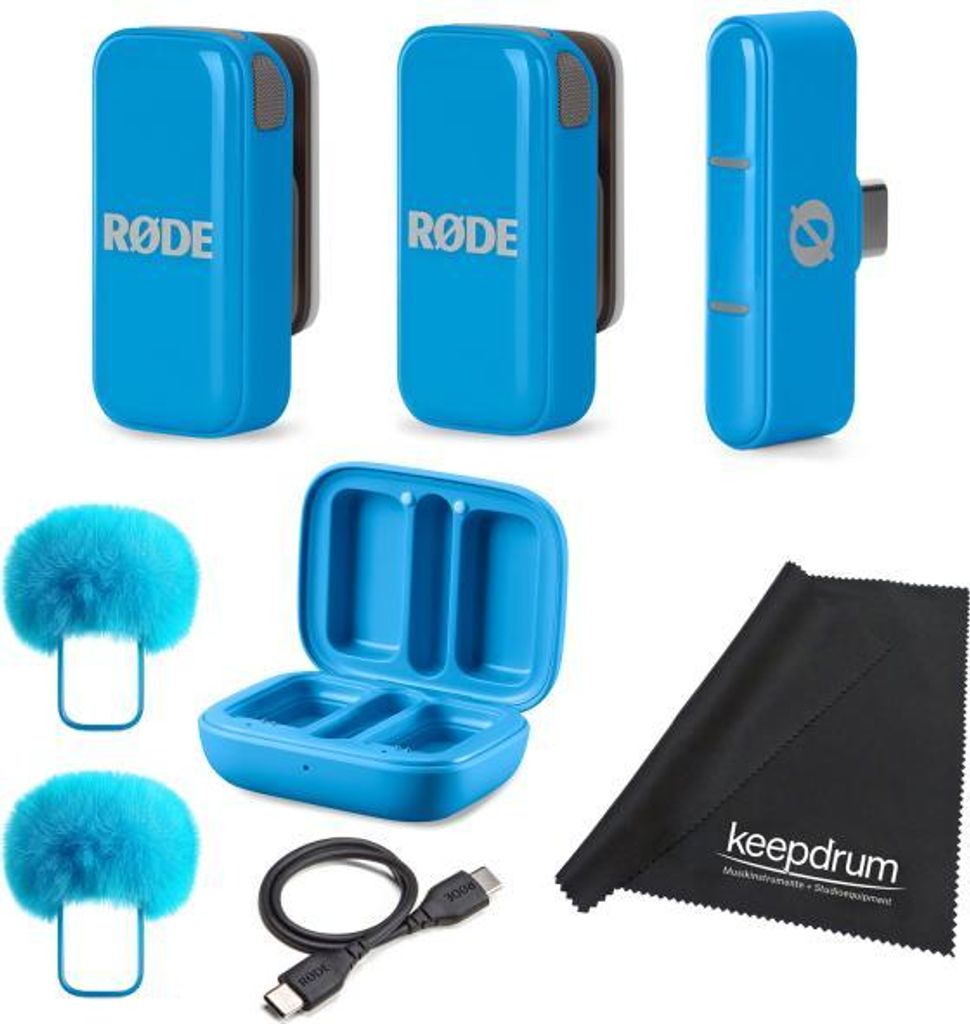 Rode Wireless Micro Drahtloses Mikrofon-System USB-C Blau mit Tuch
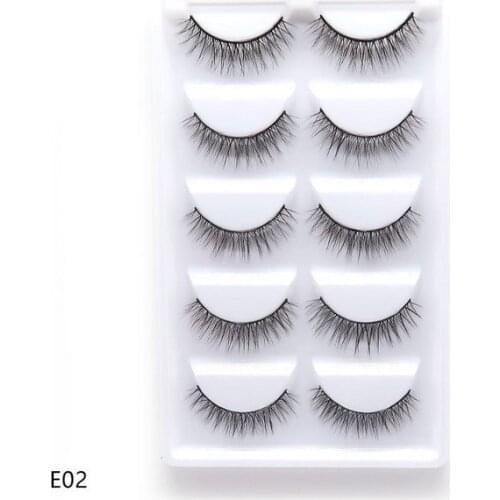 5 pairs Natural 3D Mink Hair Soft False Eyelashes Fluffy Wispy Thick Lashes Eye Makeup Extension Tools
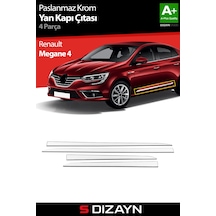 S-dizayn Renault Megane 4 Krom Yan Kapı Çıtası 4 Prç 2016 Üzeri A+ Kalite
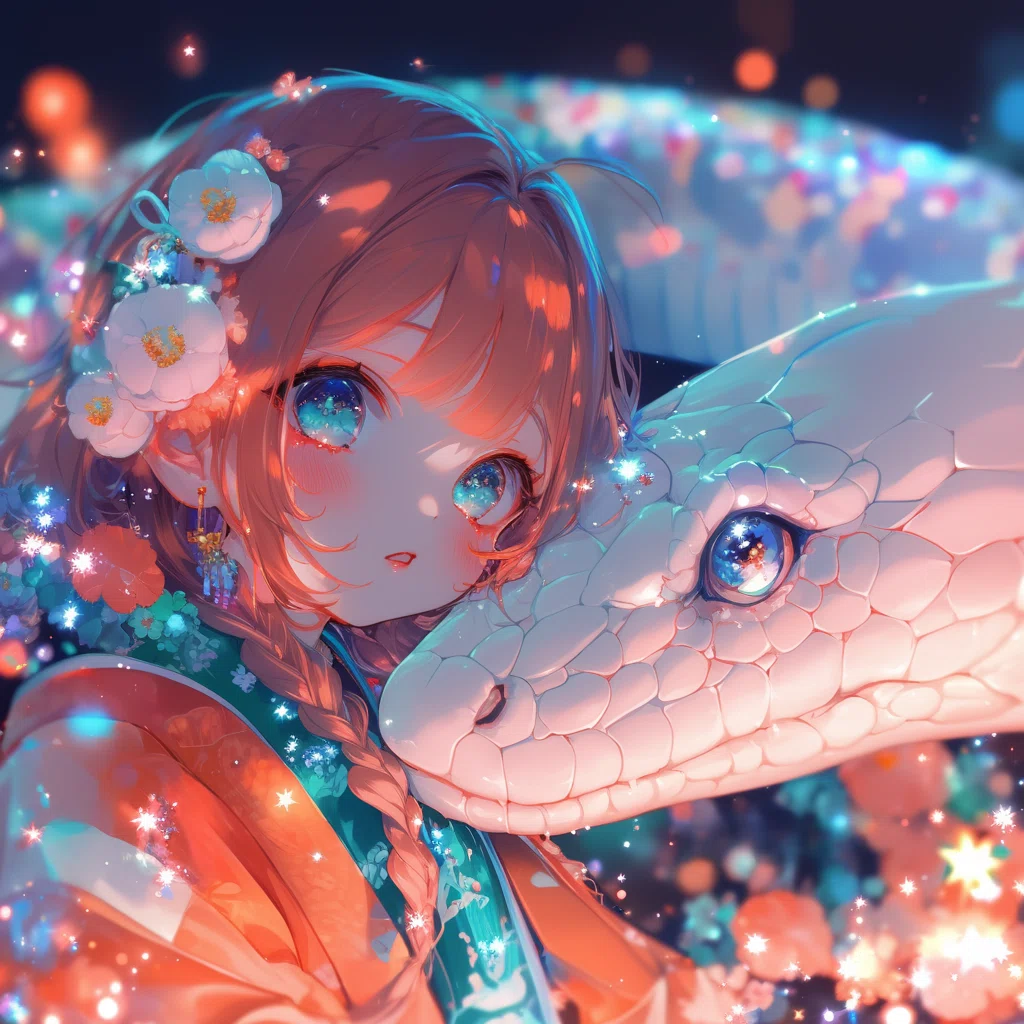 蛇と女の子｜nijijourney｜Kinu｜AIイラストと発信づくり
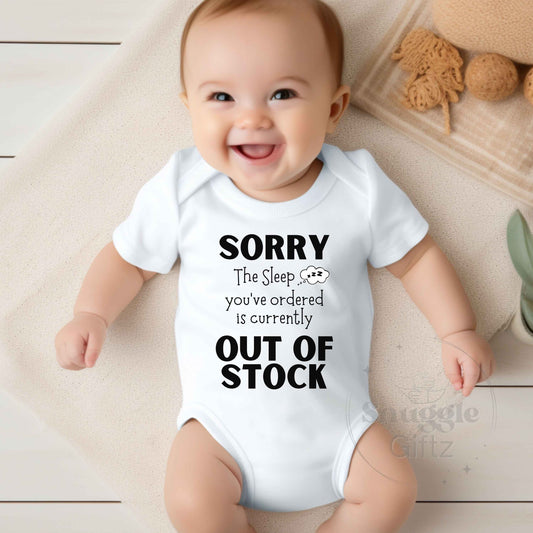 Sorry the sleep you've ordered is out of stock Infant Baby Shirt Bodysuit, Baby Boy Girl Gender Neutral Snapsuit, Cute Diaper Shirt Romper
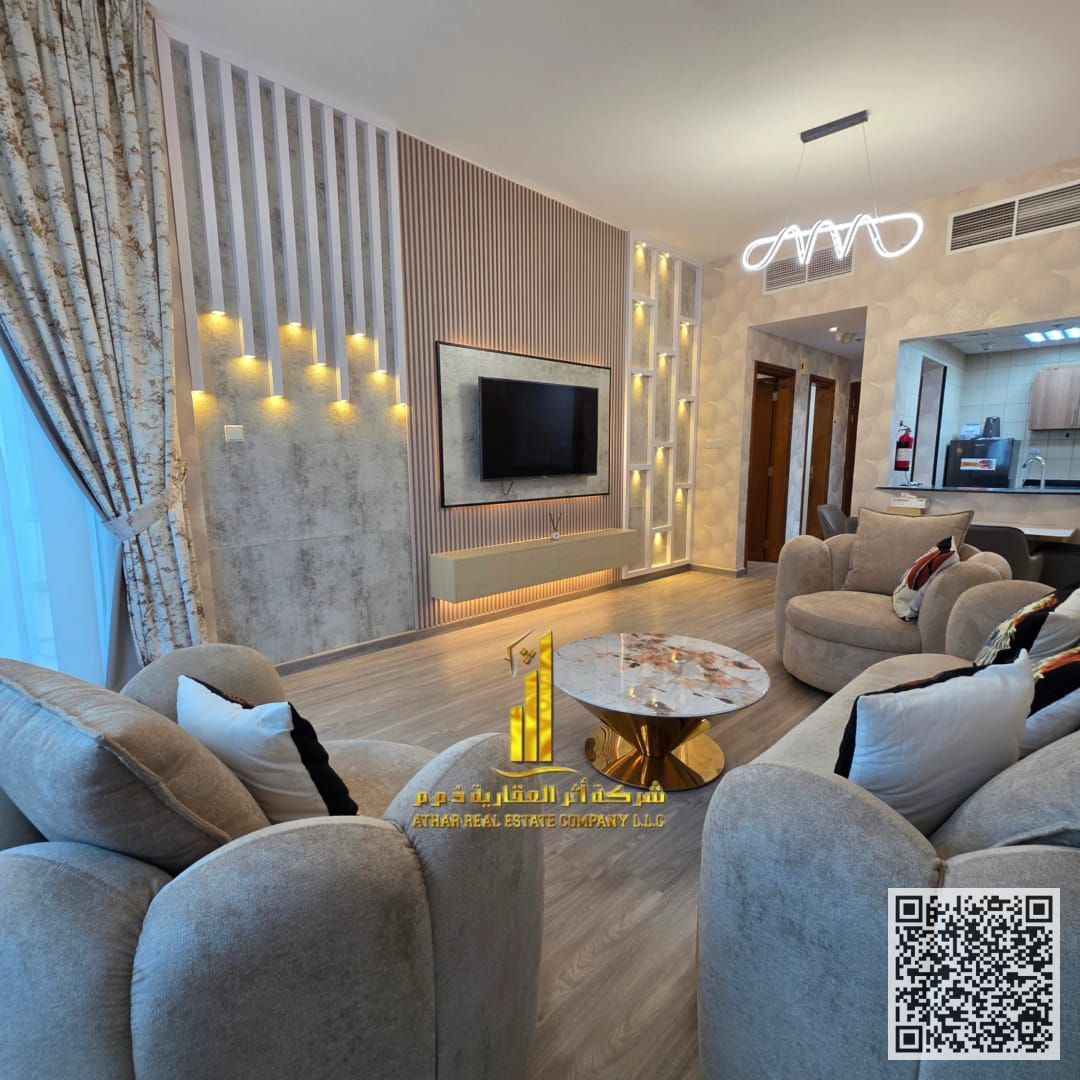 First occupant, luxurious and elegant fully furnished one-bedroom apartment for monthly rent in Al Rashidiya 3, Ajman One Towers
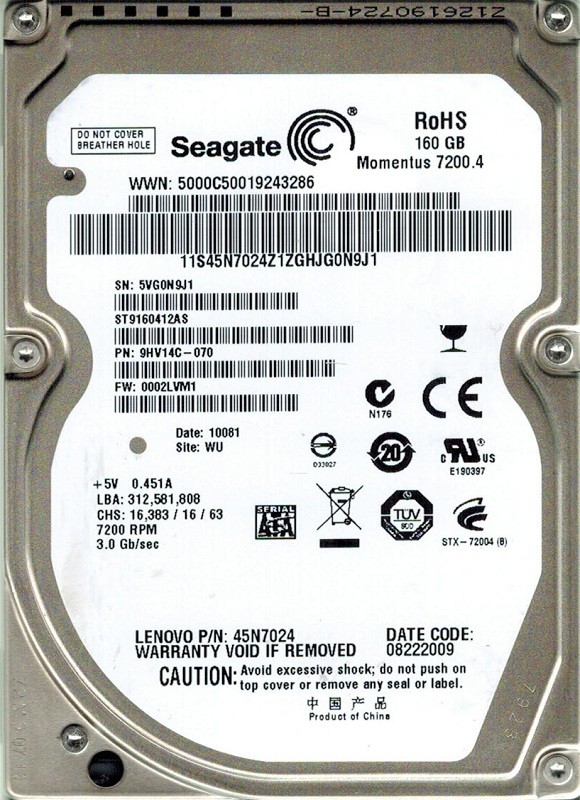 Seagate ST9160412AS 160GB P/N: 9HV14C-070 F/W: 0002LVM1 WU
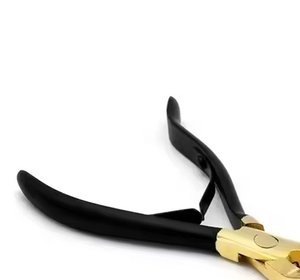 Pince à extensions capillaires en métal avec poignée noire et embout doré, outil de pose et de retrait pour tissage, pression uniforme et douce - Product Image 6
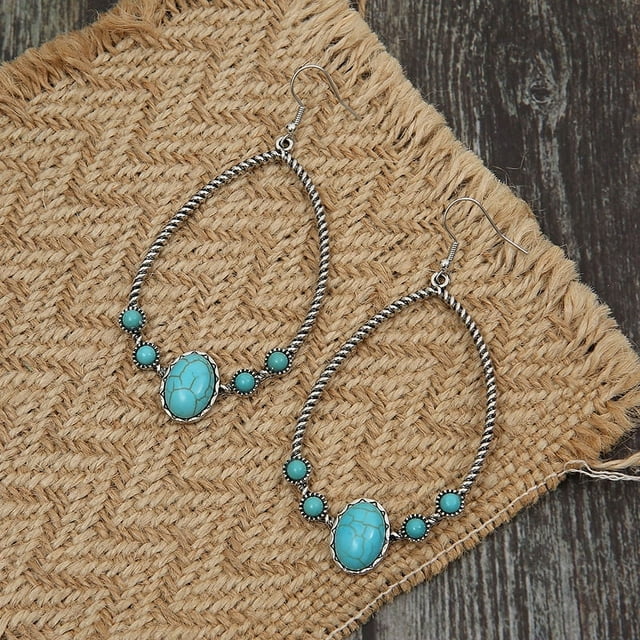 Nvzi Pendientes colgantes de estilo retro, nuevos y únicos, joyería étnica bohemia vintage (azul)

□ □ □ □ □

● **EXERCISE BRIEF**
Your reply should consist solely of the lines above, from the opening line through the line with "Pince à extensions", reproduced exactly and without pictures.

● **SOLUTION FOR THIS EXERCISE**
 Rode Wireless Micro Drahtloses Mikrofon-System USB-C Blau mit Tuch
 5 pairs Natural 3D Mink Hair Soft False Eyelashes Fluffy Wispy Thick Lashes Eye Makeup Extension Tools
 S-dizayn Renault Megane 4 Krom Yan Kapı Çıtası 4 Prç 2016 Üzeri A+ Kalite
 蛇と女の子｜nijijourney｜Kinu｜AIイラストと発信づくり
 Sorry the sleep you've ordered is out of stock Infant Baby Shirt Bodysuit, Baby Boy Girl Gender Neutral Snapsuit, Cute Diaper Shirt Romper
 First occupant, luxurious and elegant fully furnished one-bedroom apartment for monthly rent in Al Rashidiya 3, Ajman One Towers
 Seagate ST9160412AS 160GB P/N: 9HV14C-070 F/W: 0002LVM1 WU
 Pince à extensions capillaires en métal avec poignée noire et embout doré, outil de pose et de retrait pour tissage, pression uniforme et douce - Product Image 6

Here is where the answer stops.